Recently I learnt the more general definition for differentiation of a vector as:
- If c is an interior point of S $\subset \mathbb{R}^n $ and $\mathbf{f}: S \rightarrow \mathbb{R}^m$, then f is differentiable at the point c if there exists a linear transformation $ \mathbf{M}: \mathbb{R}^n \rightarrow \mathbb{R}^m$ such that in some open ball centred on c we have
$$ \mathbf{f}(\mathbf{x}) = \mathbf{f}(\mathbf{c}) + \mathbf{\mathsf{M}}*(\mathbf{x-c}) + \boldsymbol{\eta}$$
where $\boldsymbol{\eta} = o(\mathbf{x-c})$ as $\mathbf{x} \rightarrow \mathbf{c}$, and $\mathbf{\mathsf{M}}$ is the matrix dependent on c, $\mathbf{\mathsf{M}}:= \mathbf{\mathsf{Df}}(\mathbf{c})$. (I think also that $\mathbf{M}(\mathbf{x}) = \mathbf{\mathsf{M}}\mathbf{x}) $
And was introduced to linear transformations $\mathbf{L} :\mathbb{R}^n \rightarrow \mathbb{R}^m$ being their own derivative s.t. $\mathbf{\mathsf{DL}}=\mathbf{\mathsf{L}}$. I didn't find this result particularly hard to prove, but it doesn't seem to be consistent, with m=n=1, with the real analysis result that exp{x} is the unique function being its own derivative, since:
- exp{x} is not a linear transformation of x, as neither exp{x+y}=exp{x}+exp{y} nor exp{ax}=a*exp{x} for real a is true. Hence there should be no relevant 1x1 $\mathbf{\mathsf{M}}$ matrix representative of the linear transformation, and so no derivative. Is that correct?

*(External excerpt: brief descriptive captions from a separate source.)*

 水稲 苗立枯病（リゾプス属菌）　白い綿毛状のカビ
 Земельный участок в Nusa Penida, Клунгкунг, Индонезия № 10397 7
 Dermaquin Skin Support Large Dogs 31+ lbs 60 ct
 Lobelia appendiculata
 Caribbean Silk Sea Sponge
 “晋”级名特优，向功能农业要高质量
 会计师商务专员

- I think, by doing the algebra, that here $\mathbf{\mathsf{M}}=\exp{c}$ which would imply that $M(x)=\exp{x}=\exp{c}*x$ which is pretty clearly not true for most x.

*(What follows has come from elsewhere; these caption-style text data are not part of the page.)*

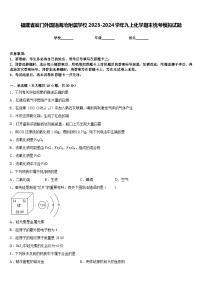 福建省厦门外国语海沧附属学校2023-2024学年九上化学期末统考模拟试题含答案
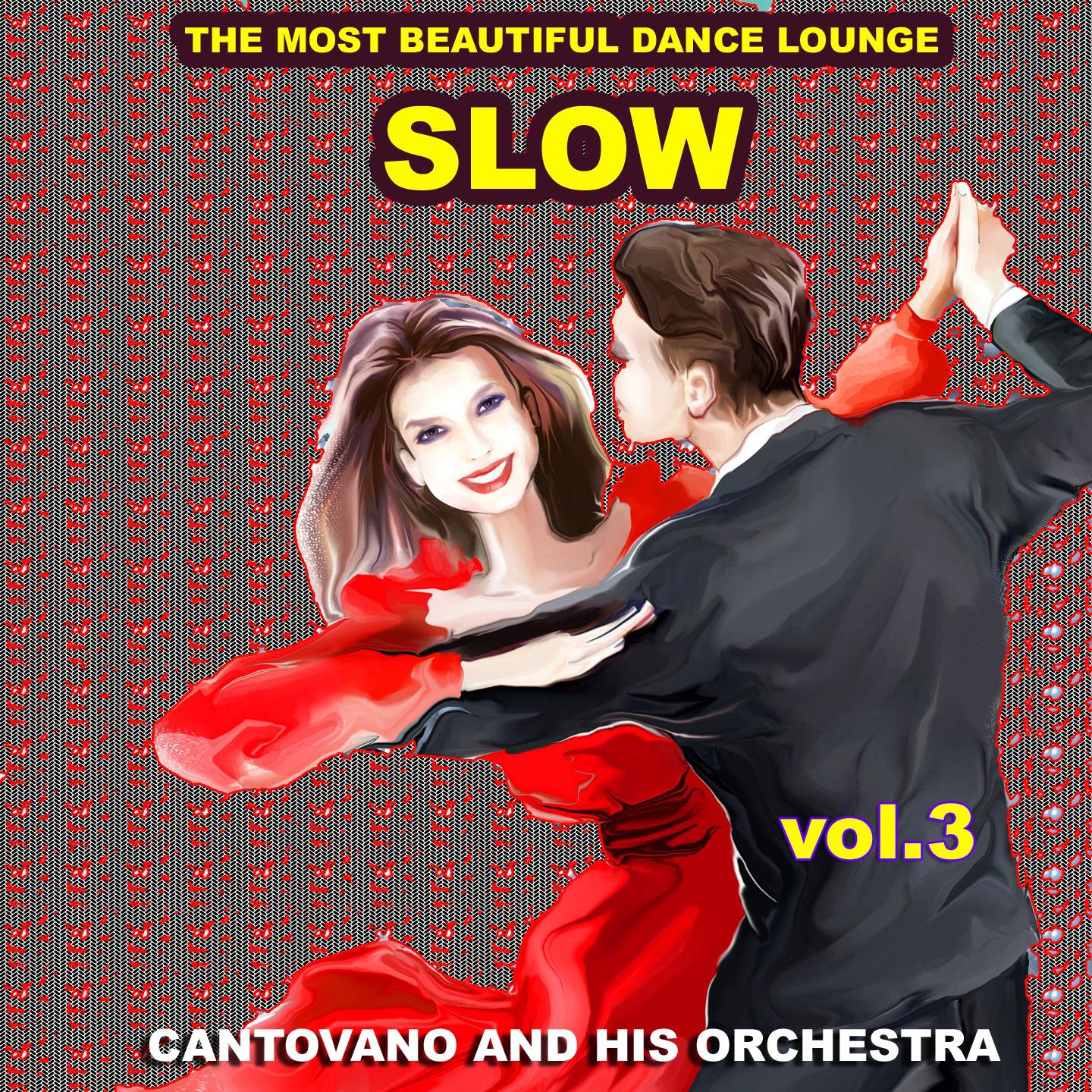 Постер альбома Slow : The Most Beautiful Dance Lounge, Vol.3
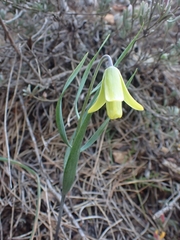Fritillaria mughlae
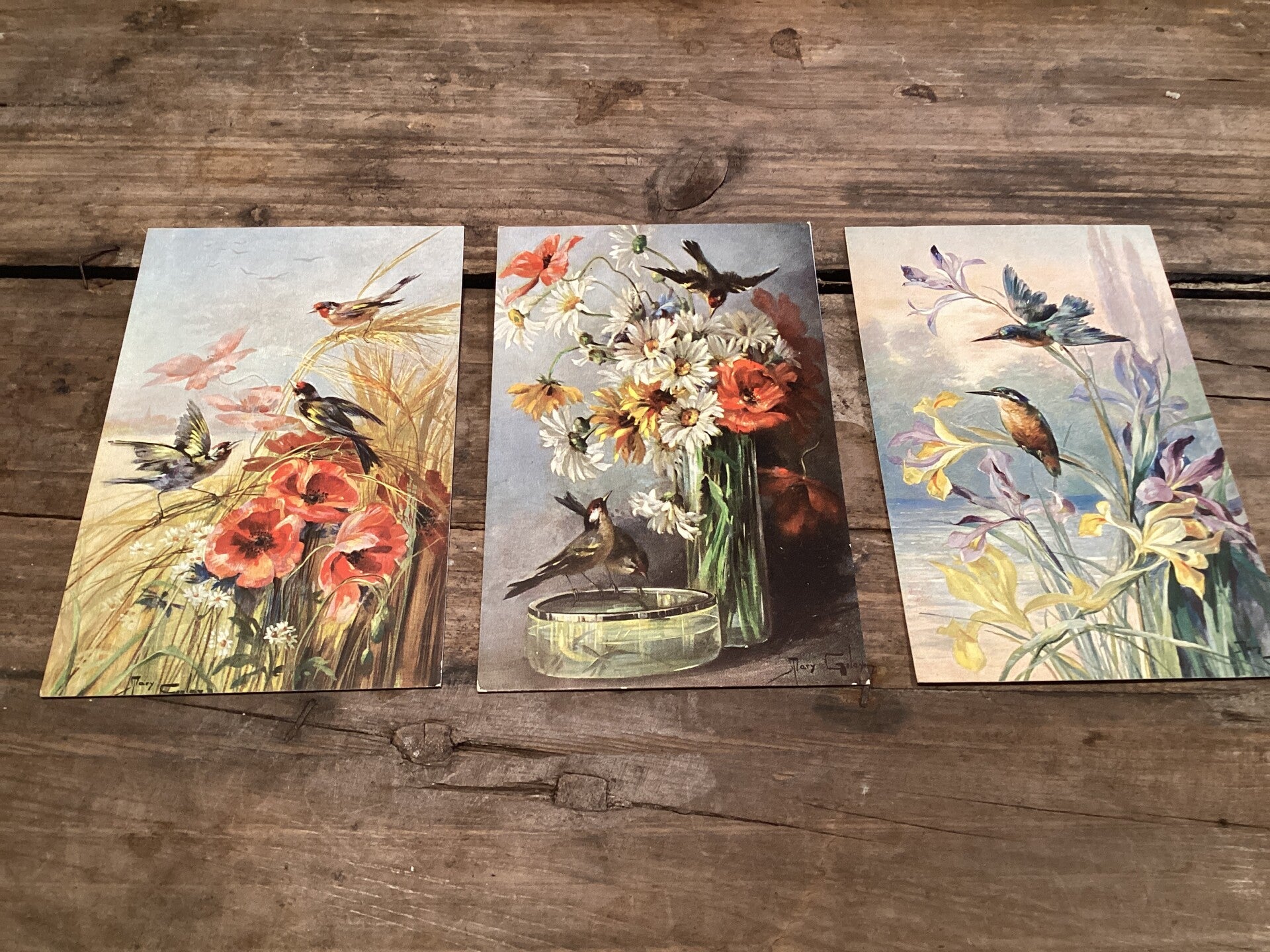 Set van 3 antieke vogelkaarten begin 1900 onbeschreven gesigneerd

- The function $f(x)=ax$ is a linear transformation in $\mathbb{R}$ which would imply the uniqueness is not true. Here $\mathbf{\mathsf{M}}=a$.
My linear algebra is really rusty so I'm sure some of the things above are wrong, the application of linear transformations especially. I'd appreciate if someone could explain how exactly the exponential is consistent with the linear transformation derivative property, and also possibly give some remarks on the accuracy of my thoughts.
Thanks for your help
The result is still true for $n=m=1$. There is a difference between derivatives and derivative functions. Linear maps are the only functions which are their own derivative. The exponential function is the only function which is its own derivative function.
The derivative is just a linear map. The derivative function is a function mapping each point to a linear map. In the case where $n=m=1$, we identify linear maps with numbers. The linear map $x\mapsto ax$ is identified with the number $a$. And lo! the derivative of this map is $a$ at all points, which is exactly the number with which we identified the map.
For $n\neq1$, it doesn't make sense to talk about a function being its own derivative function. The derivative is a linear map $\mathbb R^n\to\mathbb R^m$, and the derivative function is then a function $S\to\operatorname{Lin}(\mathbb R^n,\mathbb R^m)$ into the space of linear maps. Under certain conditions ($n=1$, for instance), this space can be identified with $\mathbb R^m$, and then we can say that a function is its own derivative function. But that's a different thing from saying that it is its own derivative.